There is so much interest in sustainable buildings and design now, which is a good thing, since buildings account for about 40% of global greenhouse gas emissions. There is a common misconception that buildings need to be plastered in solar panels, or be made of straw bales or recycled tires or other unusual materials to be considered ‘green’.
But there are many simple and common sense design strategies that can make buildings dramatically more sustainable, and I put these under the general category of ‘passive design’. Passive design is making high performance, comfortable buildings using smart design decisions rather than high-tech systems. To use a simple example, when designing a house, you could take any typical house design and add heat pumps or a geo-exchange system to increase the performance and give it some green cred.

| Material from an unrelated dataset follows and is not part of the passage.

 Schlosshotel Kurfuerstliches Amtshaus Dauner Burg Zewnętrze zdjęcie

But even better would be to design the house so that it was oriented to take in the maximum amount of sun (free energy) on the south side, and insulate it really well and use good quality windows to keep in the heat, so that we might not actually need the high tech heating system at all.

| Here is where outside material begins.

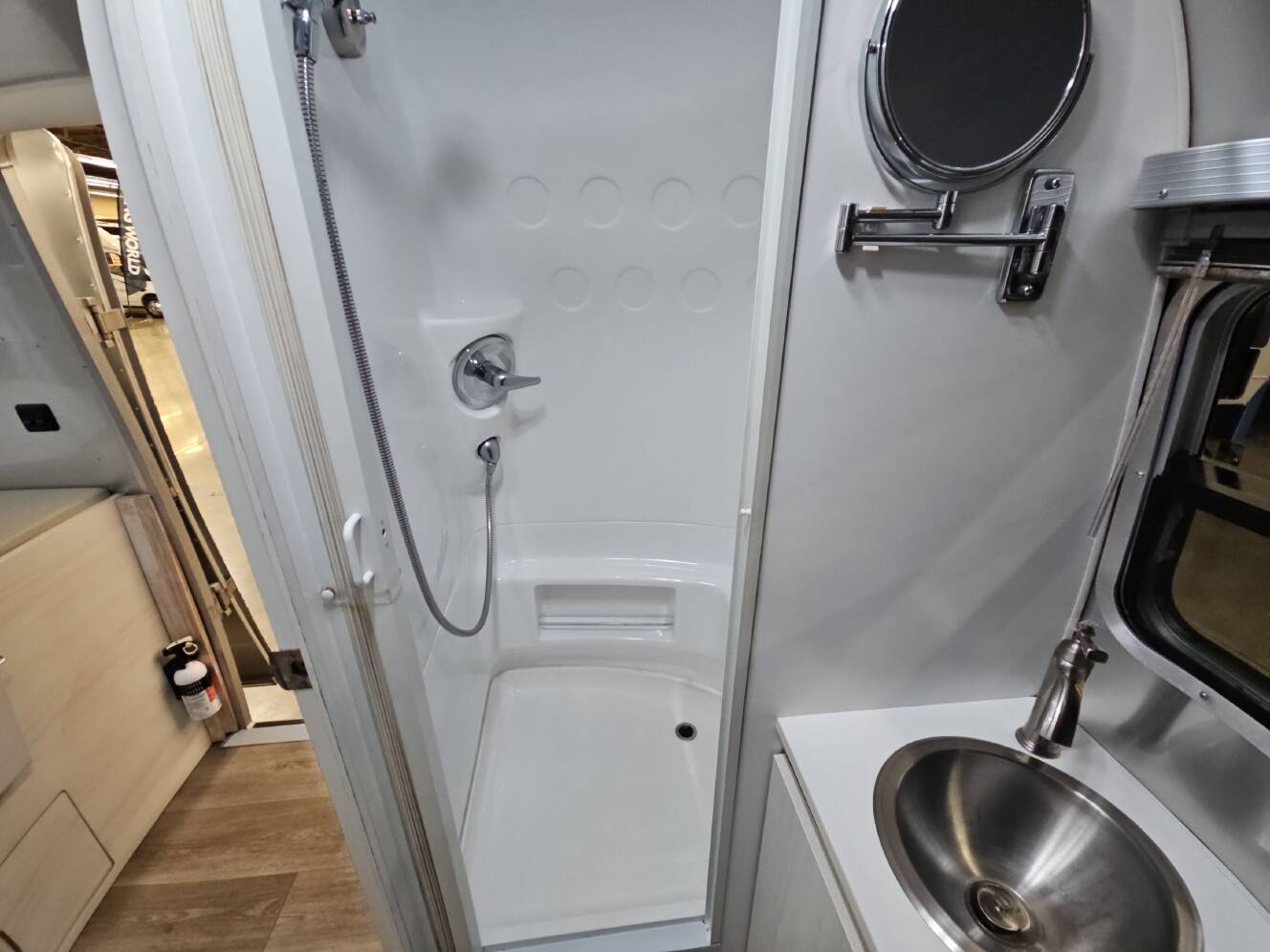 A photo of this 2017 Airstream SPORT 22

Passive design works with natural systems and forces. For example, we know, at least in this part of the world, that the winter sun is very low in the sky and the summer sun is high in the sky. So we can design buildings that invite in winter sun when we need the warmth, but block the summer sun when it would overheat the building.
The main ingredients of passive design are building orientation, optimized wall to window ratio, increased levels of insulation and air-tightness, high-performance windows, natural ventilation and daylighting. Passive design can be applied to any building type and size and can also be used to inform large scale urban design. As energy prices climb, and as the impacts of global warming increase, we can expect to see a lot more passive design.